Transposition, recouvrement, jaillissement : la méthode de travail de Jade Fenu se caractérise par ces trois moments. L’artiste commence par transposer sur une toile, de format souvent carré, une image trouvée au hasard de ses recherches sur internet, une sorte d’image ready-made dont le choix n’est dicté par aucun critère positif, mais procède au contraire de critères laissés au hasard. Le motif, la plupart du temps figuratif, est ensuite recouvert par une série de couches, d’ajouts pour finir par disparaître presque entièrement, happé dans une déflagration de couleurs. Pourtant, à bien y regarder, derrière les superpositions de couches de peinture et les larges coulées de couleurs vives pulvérisées à la bombe, persistent des traces de cette première figure : une main, un visage, un buste... La tension entre figuration et abstraction semble régir la toile, pourtant c’est moins leur opposition que leur nécessaire coprésence qui intéresse Jade Fenu. Son travail consiste d’une certaine façon à « fondre le figuratif dans l’abstrait ». Pour lui, toute trace -même la plus abstraite- est d’ailleurs toujours le début d’une narration. Dans ses toiles, les figures amorcent donc une narration qui se trouve successivement court-circuitée et relancée par son travail de recouvrement et de défiguration. Comme le pied qui émerge de la toile chaotique de Frenhofer dans Le chef d’œuvre inconnu de Balzac, il y a toujours un fragment figuratif qui subsiste dans les tableaux de Jade Fenu.
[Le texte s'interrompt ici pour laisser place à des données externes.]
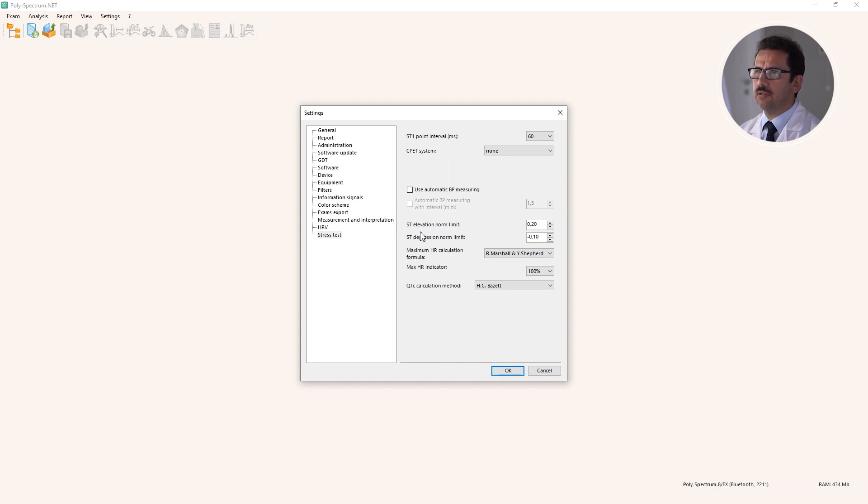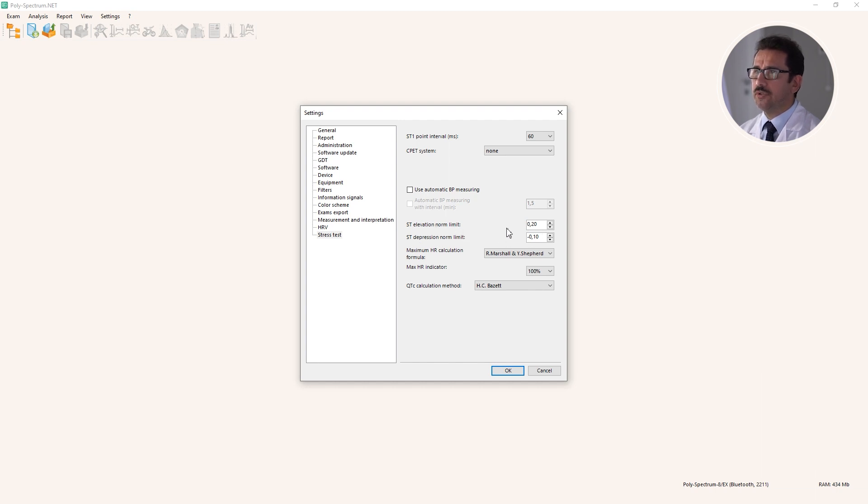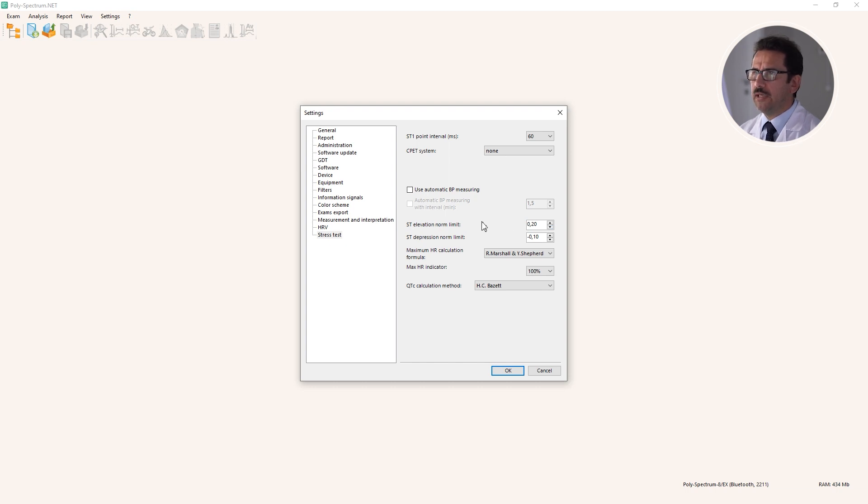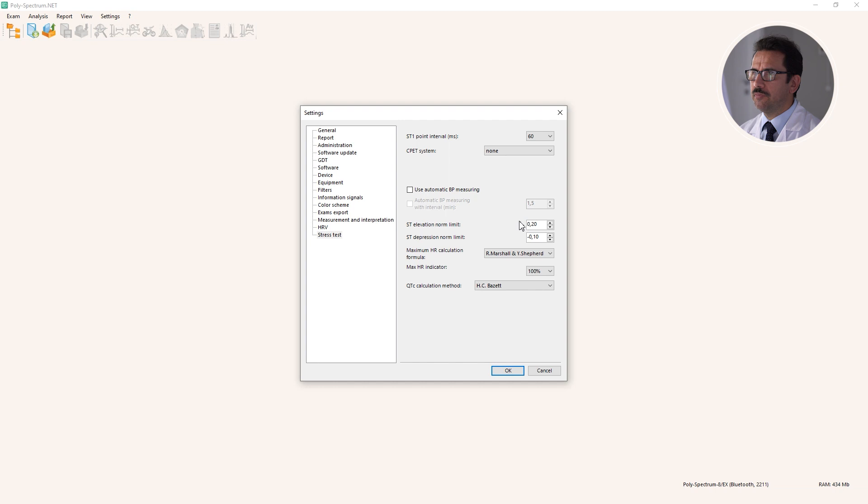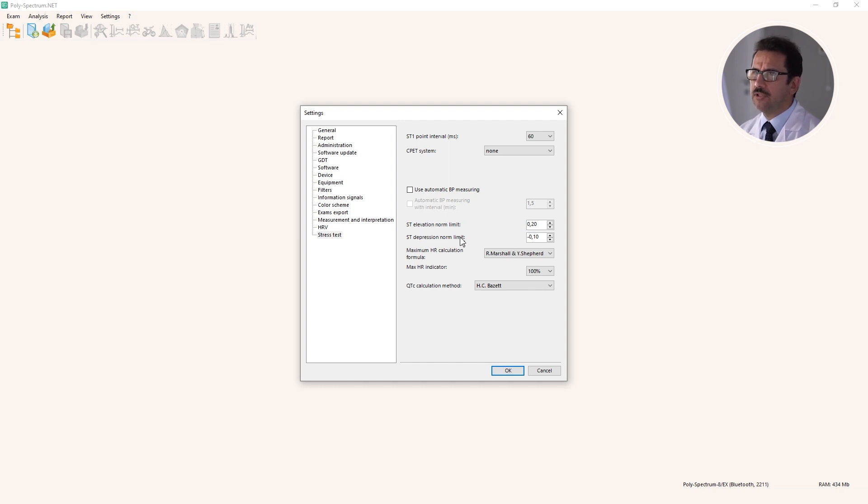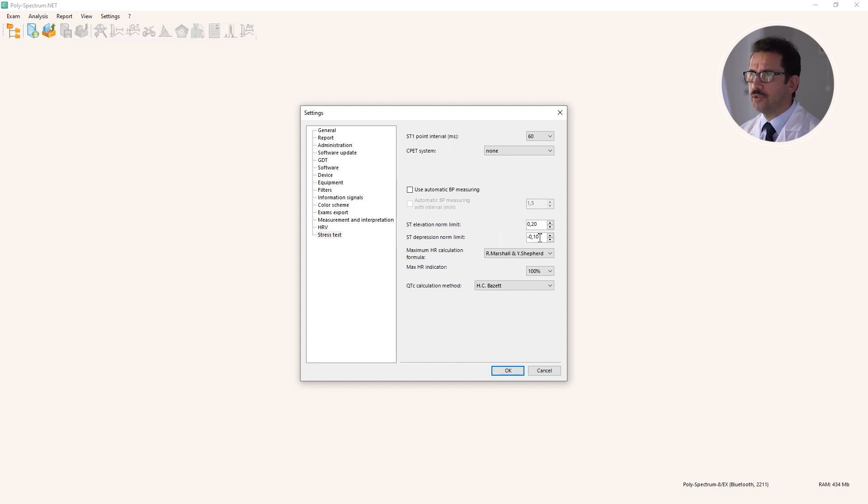You can change the elevation depression limit for ST segment. These two limits are very standard and have been in use for many years, but who knows - maybe next year some European Society of Cardiology may issue new guidelines and say, 'Okay, now ST depression is not 0.1 but 0.15.' No problem, you can change it in the software.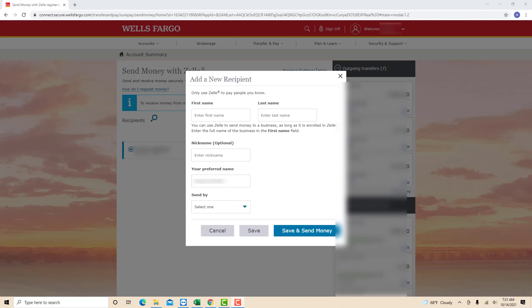Now you have to enter the required information. First, enter your first name and last name. On the next field, you could add a nickname if you wish to, though it is only optional. Then enter your preferred name on the next field.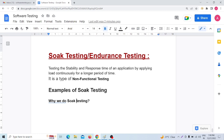If we continuously test the same system for 10 hours, 15 hours, or more, we can check whether the application crashes or shows abnormal behavior. In this case, we can predict and observe the application's behavior under prolonged usage, which is why soak testing is critical.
La figure ne représente cependant pas le centre de gravité de la toile, mais un simple reste, une trace de l’image initiale. L’essentiel se trouve ailleurs, dans le geste parfois violent qui consiste à raturer, à effacer sa propre peinture ; dans l’énergie, dans le mouvement qui anime la toile et la déséquilibre. En ne suivant aucun programme préétabli, en rejetant toute hiérarchie (ni haut, ni bas ; ni premier, ni second plan ; ni fond, ni forme), mais en se laissant au contraire guider par les multiples accidents qui surviennent à la surface de la toile, Jade Fenu parvient ainsi à faire surgir de manière saisissante la matière, les volumes, les contrastes, la couleur, la luminosité de la peinture.